At the reaction level of the Kirkpatrick model, the mean and standard deviation of the student's satisfaction score was 71.76±4.29 in the control group. In terms of administration, goals and content, and instructor's teaching, the mean and standard deviations were 12.03 2.97, 22±2.92, and 31.90±3.12, respectively. In addition, the intervention group's mean and standard deviation of satisfaction with the program was 71.73±4.61. The mean and standard deviations of administration, goals, and contents, and instructor's teaching were 12.20±2.80, 23.2±1.85, and 32.08±295, respectively. The independent t-test showed no significant statistical relationship between the satisfaction scores of the two groups (P= 0.751), and both groups were satisfied with the program (Table 1).
Table 1. The comparison between the students' reaction to the educational program in control and intervention groups
Group Mean±SDa *P.Value
Intervention group 71.73±4.61 0.751
Control group 71.76±4.29
a: Standard division, *: Independent t-test

At the learning level of Kirkpatrick model, the student's learning scores changed significantly in the intervention group. The mean of changes in students' knowledge increased by 5.93 and 4.79 in the intervention and control groups, respectively. The results of the independent t-test revealed that the mean scores before and after the interventions were significantly different (P=0.001), and the educational program had been efficient in improving the learners' knowledge. Furthermore, comparing the painting and group discussion method with the common teaching method showed that the intervention had been effective according to ANCOVA (P= 0.049). The students learned better through group discussions and the use of painting compared to the control group. The required assumptions for ANCOVA were examined, and there was no interaction between the pretest and posttest scores in the group (P=0.114). Moreover, the variance was homogeneous in both groups (P=0.860) (Table 2).
Table 2. Comparison of pretest and posttest scores in the control and intervention groups
Groups Mean±SDa *P.Value **P.Value
Intervention group Before the intervention 6.47±2.64 0.001< 0.049
After the intervention 12.40±2.23
Control group Before the intervention 6.57±2.17 0.001<
After the intervention 11.36±2.09
a: Standard division, *: Independent t-test, **: ANCOVA

Discussion
The present study evaluated the effectiveness of the Cardiopulmonary Bypass device educational program using painting and group discussion for anesthesiology students based on the Kirkpatrick model. Consistent with the results of previous studies, in this research, the level of student's satisfaction with the educational program of the CPB device using drawing and group discussion was reported to be higher in the intervention group than in the control group.
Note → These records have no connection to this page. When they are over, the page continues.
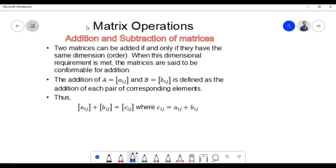Hello everyone. In today's video we are going to discuss matrix operations, where we will be looking at addition and subtraction of matrices. Two matrices can be added if and only if they have the same dimension or order.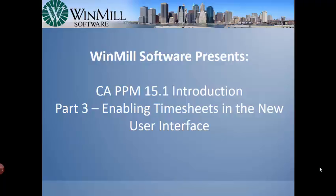Windmill Software presents the introduction to CA PPM version 15.1, part 3: enabling timesheets in the new user interface.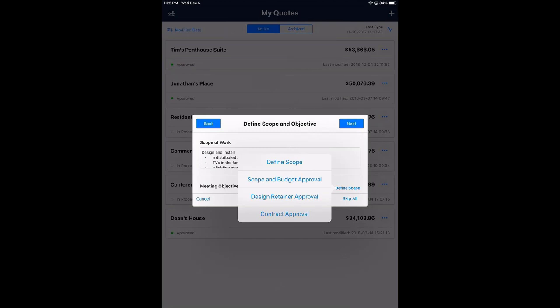Now I define the meeting objective. We have four default options: first is 'Define Scope,' using Mobile Quote as a digital intake or note-taking tool for internal purposes without asking the client to approve anything. Second is 'Scope and Budget Approval' — the client confirms the scope meets their requirements and the price range is acceptable. Third is 'Design Retainer Approval' — if you charge for design work. Fourth is 'Contract Approval' — if you want to use Mobile Quote to get an actual contract signed. I'm going to choose 'Design Retainer Approval.'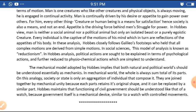In this analysis, Hobbes closely follows Galileo's footsteps, who held that all complex phenomena are derived from simple motion. In social sciences, this model of analysis is known as reductionism. Political actions are sought to be explained in terms of physiological actions and further reduced to physiochemical actions, which are the simplest to understand.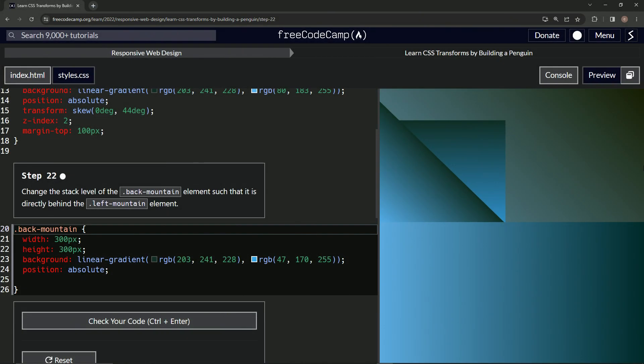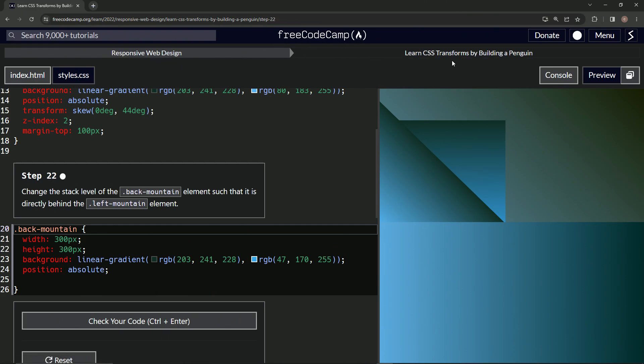All right, now we're doing FreeCodeCamp Responsive Web Design, Learn CSS Transforms by Building a Penguin, Step 22. So now we're going to change the stack level of the back-mountain element such that it is directly behind the left-mountain.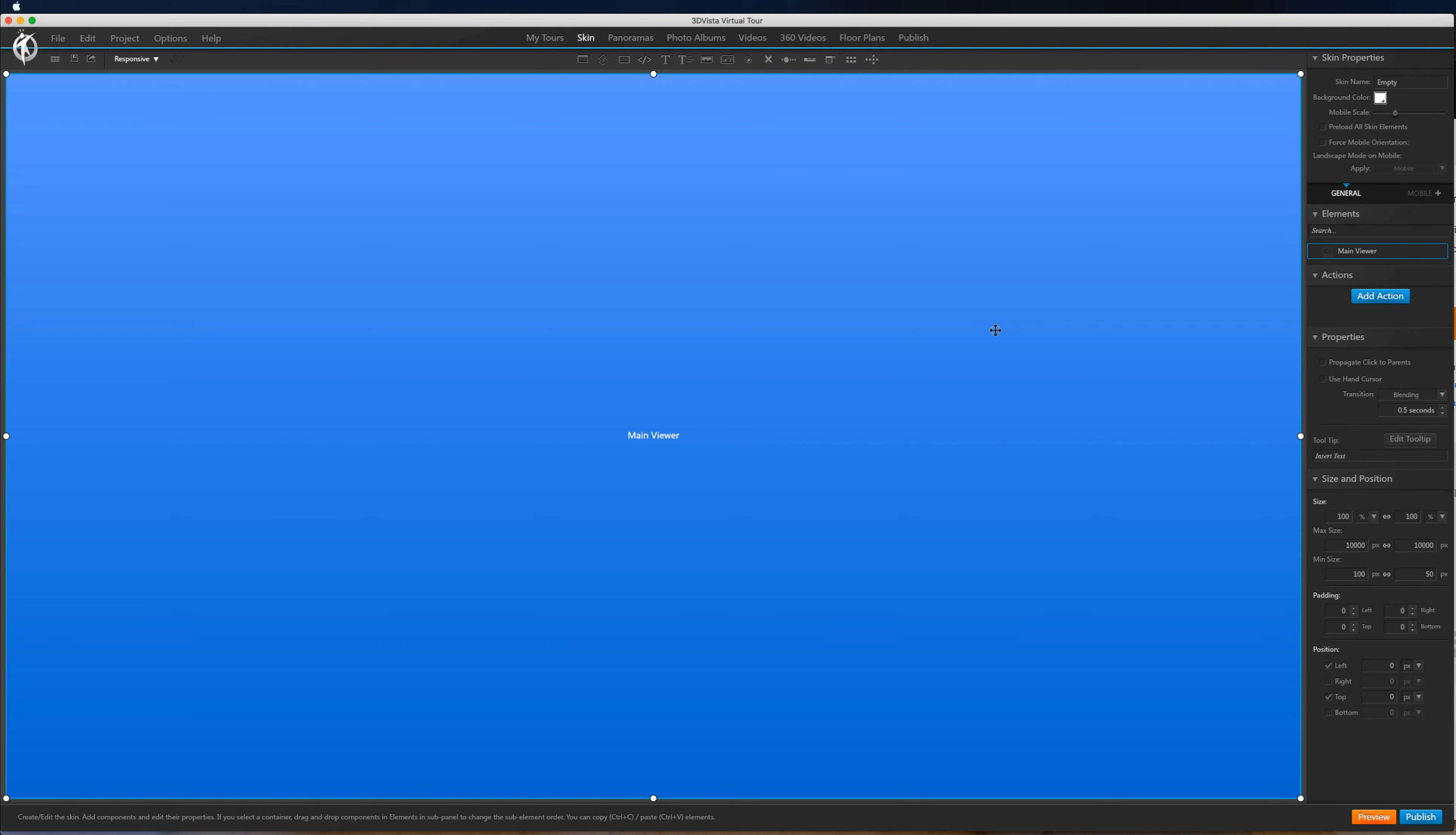Hi, it's Ed from 360t.io. In this tutorial I'm going to show you how to add a quick sign up or contact form to your 3D Vista tour.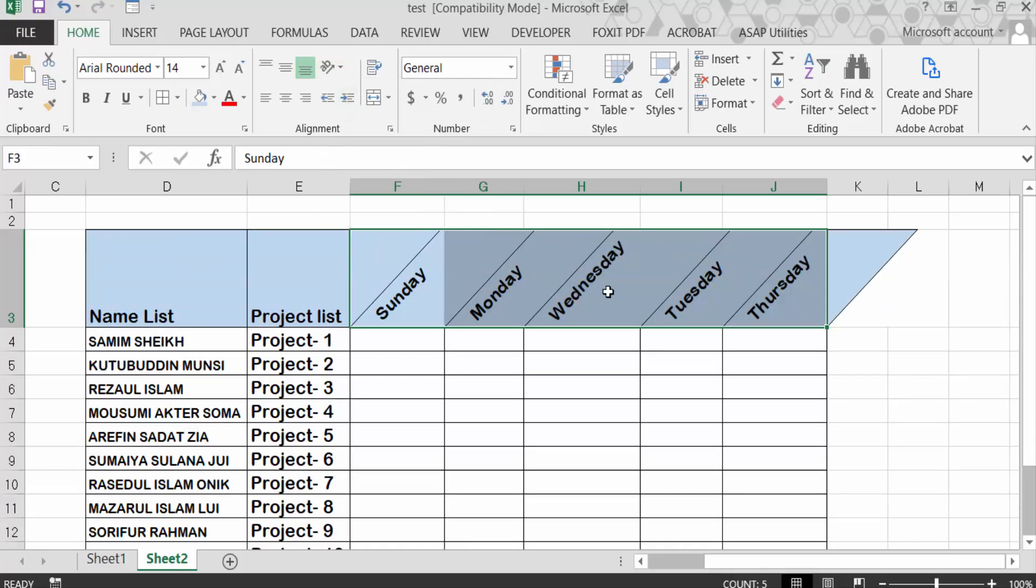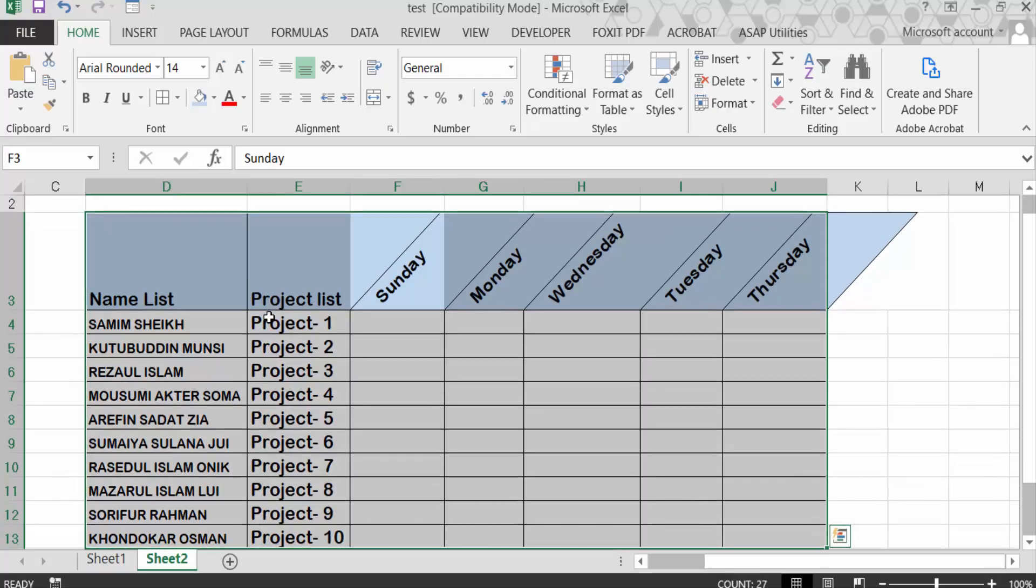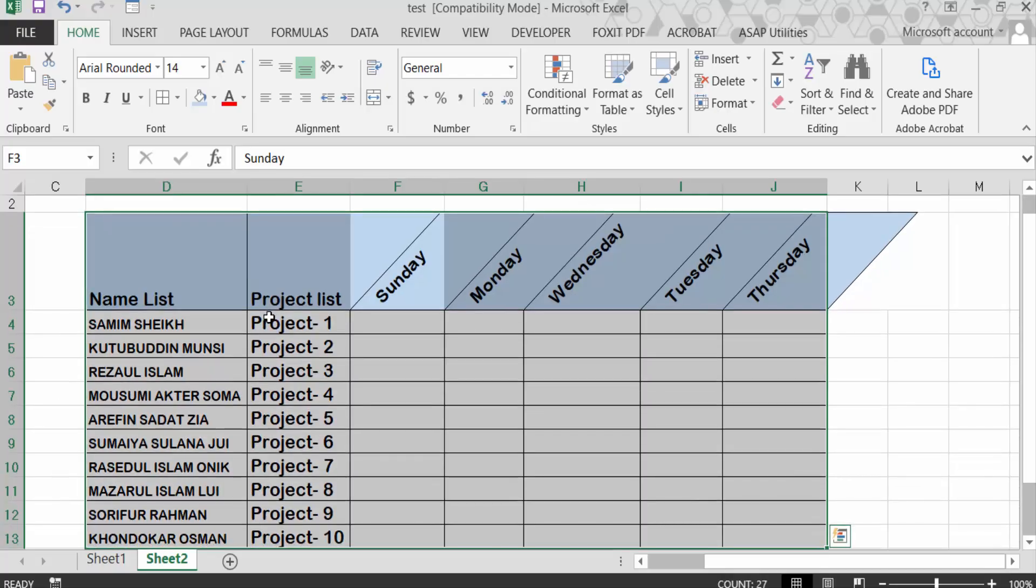And now you see all my text is to be slant or angled. Now I have to select all this table, so press Ctrl+A on keyboard to select all this table.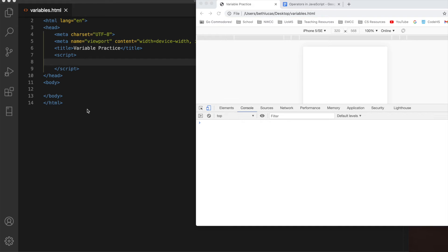In the last tutorial we looked at what a variable is. You did your activity where you learned how to correctly name variables. Now let's actually work with variables in JavaScript.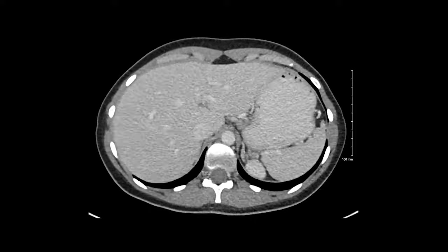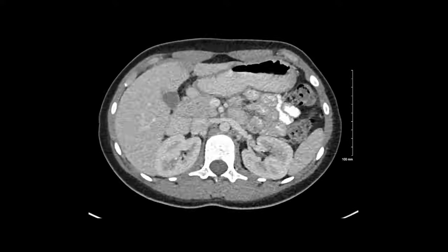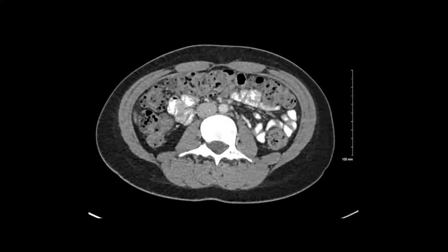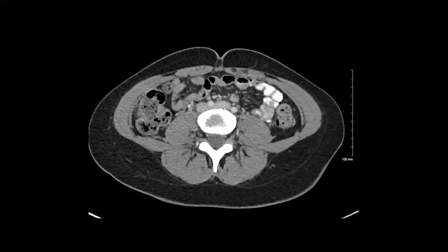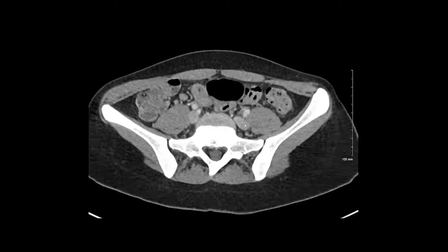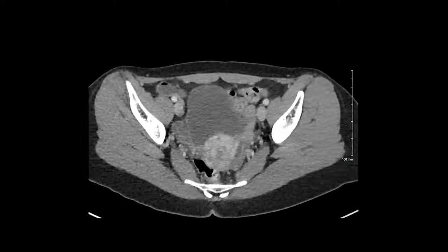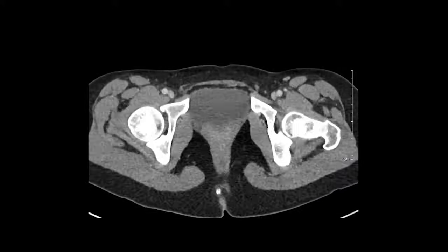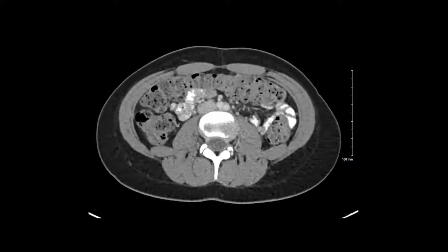I'm going to follow the IVC down, making sure it's normal in caliber and that we don't see any filling defects or other abnormalities. It's going to split into our iliac veins. And those iliac veins — again, I'm looking for filling defects, inflammation, dilation, or narrowing of the vessels. We don't see any of that.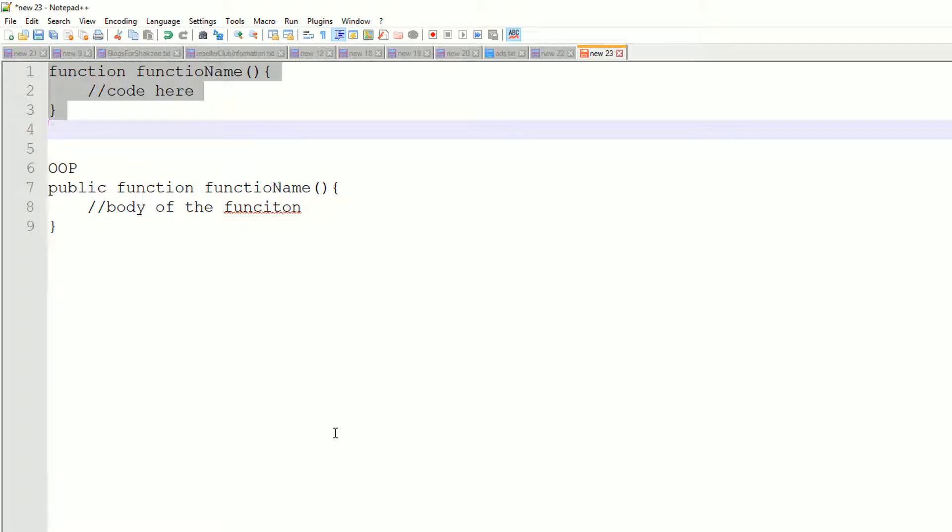So before using any helper in CodeIgniter 4, you have to load that helper. So after you load a particular helper, you have some procedural functions, some useful procedural functions in that particular helper.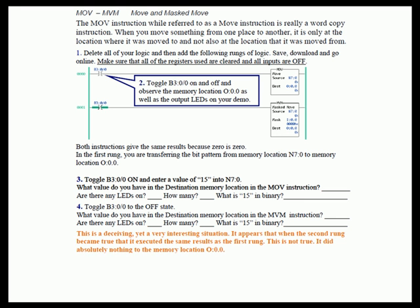Now toggle B3 on again and enter a value of 15 into N7:0. What value do you have in the destination memory location in the Move instruction? 15. Are there any LEDs on? Yes — all four of them. If you have the MicroLogix 10-point, you only have four outputs, so you should have the first four outputs on. What is 15 in binary? Looking at those four output LEDs, each represents a binary bit — 15 in binary is 1111, so all four of the first four bits are on.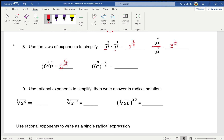This next one is also a power raised to a power, so we multiply. Three-sevenths times negative seven-eighths gives negative three-eighths. We don't want negative exponents, so since it's on top I move it to the bottom: it becomes one over six to the three-eighths.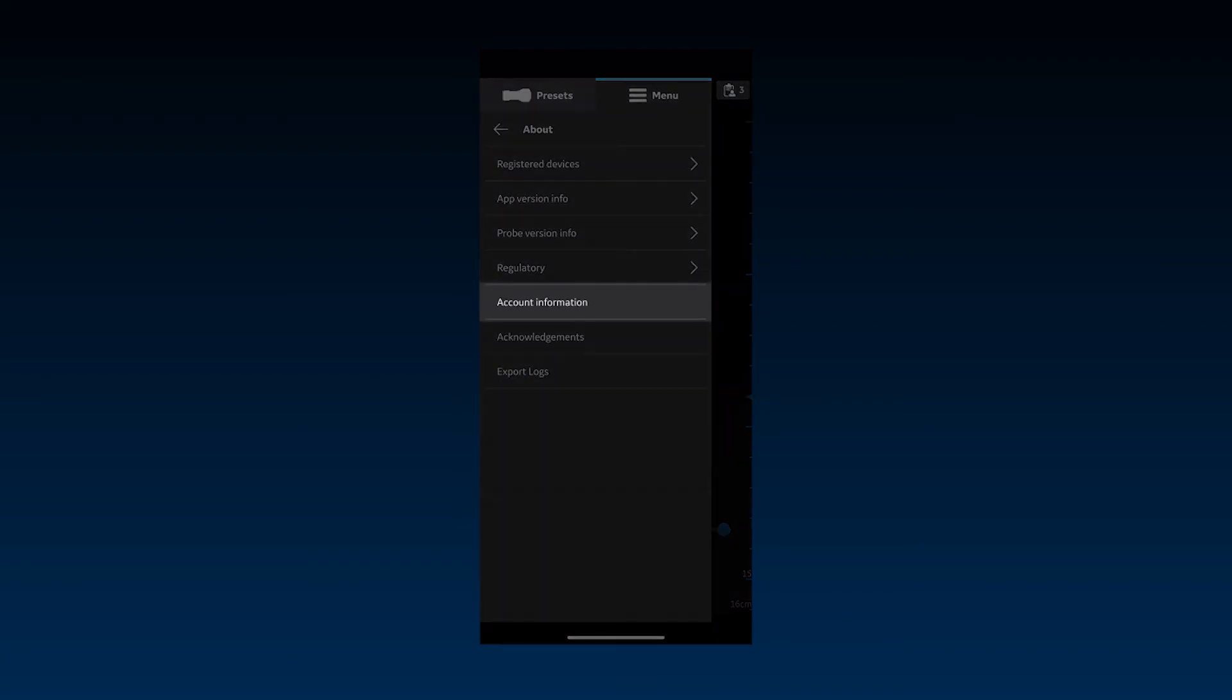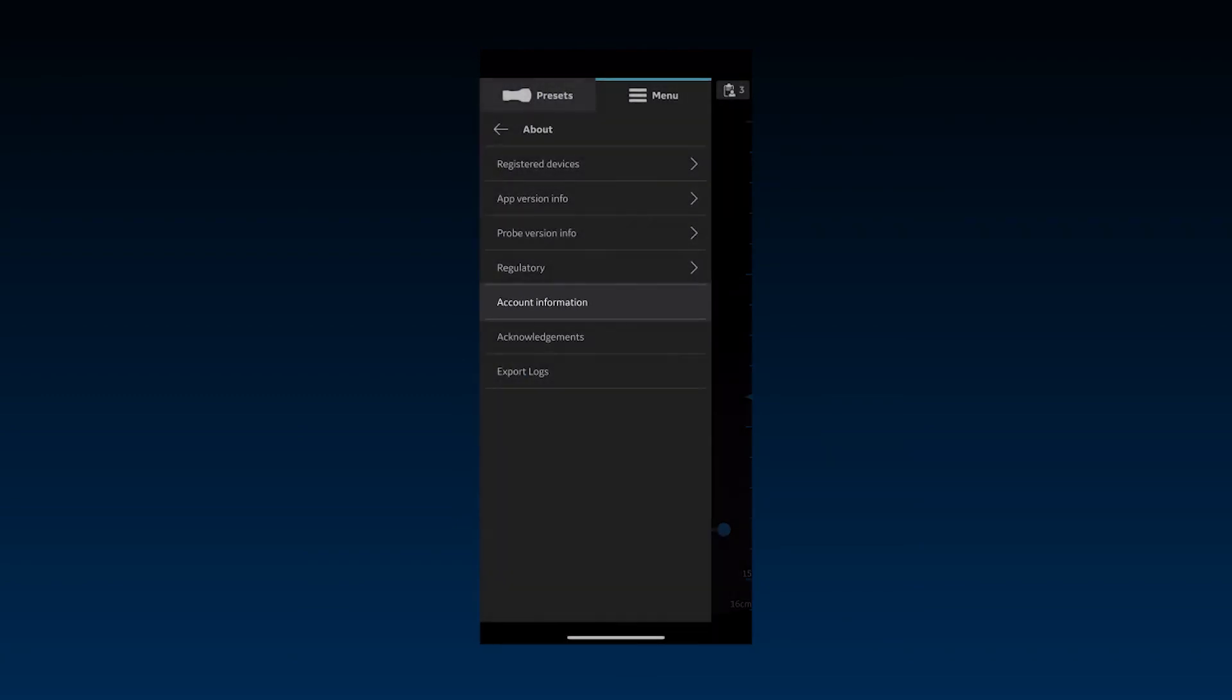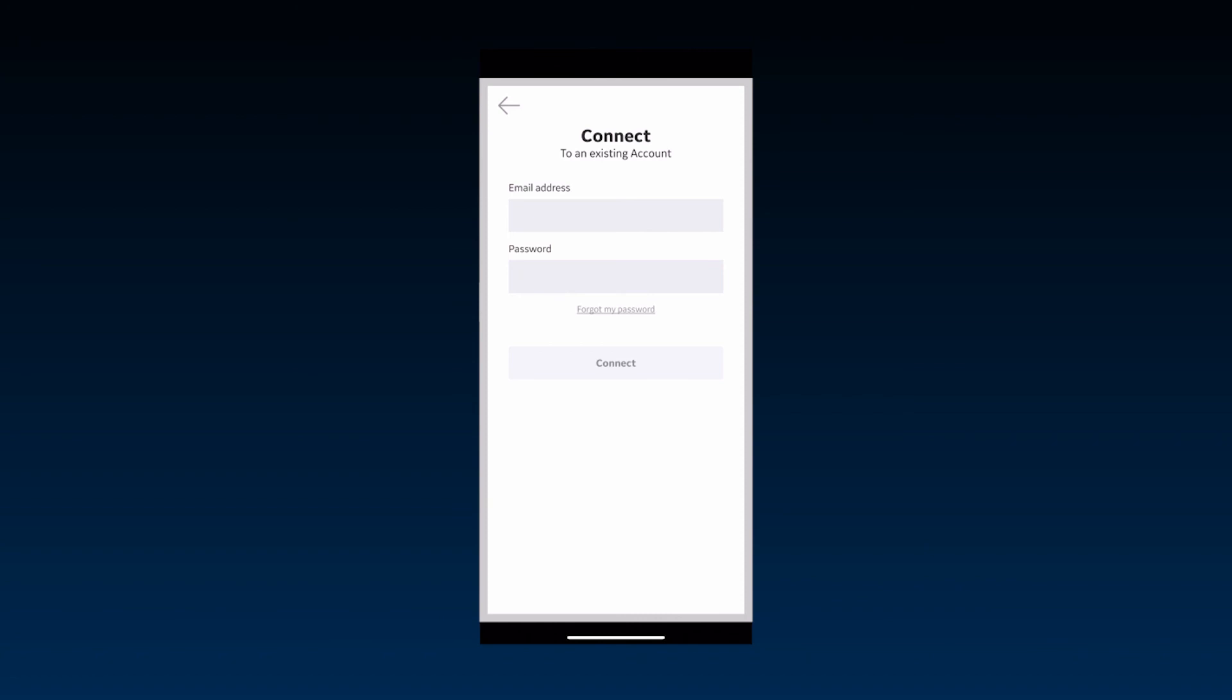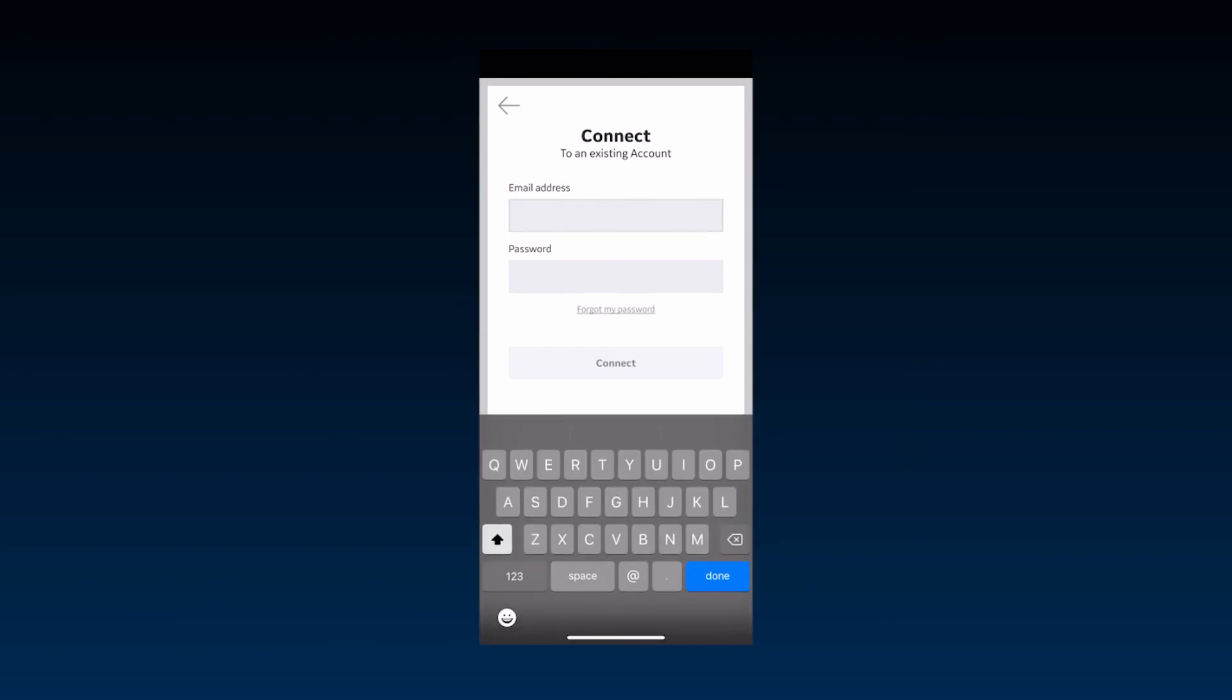The Account Information section allows you to access your registered account and make changes if needed. Enter the registered email address and password to connect.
Kari et al. (2019), in a study on the effect of painting on medical students' understanding of the radiology profession, concluded that paintings can challenge negative stereotypes that medical students have in the radiology profession, and this arts-based learning module should be considered by the radiology profession as a strategy to positively inform and educate trainees about the specialty (20).
The changes in students' learning were investigated by comparing the learners' knowledge before and after the program. The students' learning with painting and group discussion indicated a great increase compared to traditional education. These results were in agreement with the findings of the study by Junhasavasdikul et al. (2017) on the effectiveness of cartoon handouts compared with traditional handouts in preclinical students' learning. They described the participants who received cartoon-style education read more of the material and achieved higher post-learning test scores than students given a traditional handout (11). Moreover, Kari et al. (2019) assessed the effectiveness of paintings of radiology on medical students' understanding and impression of both radiologists and the radiology profession and reported that 82% of participants found the painting experience "very enjoyable" and 96% would recommend this session to others (20).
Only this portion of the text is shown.